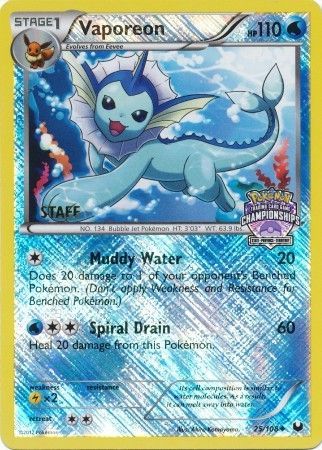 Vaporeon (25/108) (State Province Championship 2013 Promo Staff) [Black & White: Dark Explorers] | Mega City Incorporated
- - - - -
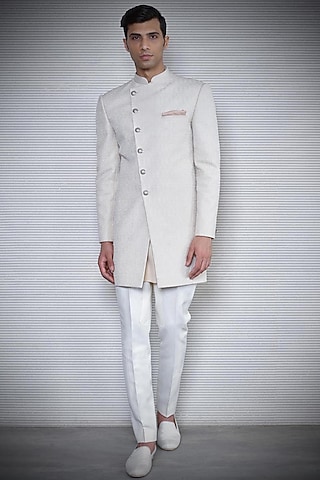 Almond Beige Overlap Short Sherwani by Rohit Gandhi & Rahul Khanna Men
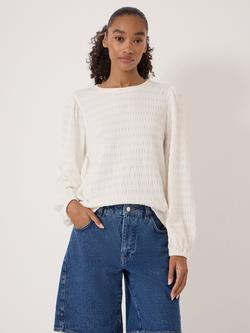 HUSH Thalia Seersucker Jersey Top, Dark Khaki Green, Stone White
- - - - -
▶ [Exercise aim]:
In the listing above, find the line with "Almond Beige Overlap" and the line with "HUSH Thalia Seersucker". Copy both of them and every line between, exactly, but not the pictures.

▶ [Exercise output]:
 Almond Beige Overlap Short Sherwani by Rohit Gandhi & Rahul Khanna Men
 HUSH Thalia Seersucker Jersey Top, Dark Khaki Green, Stone White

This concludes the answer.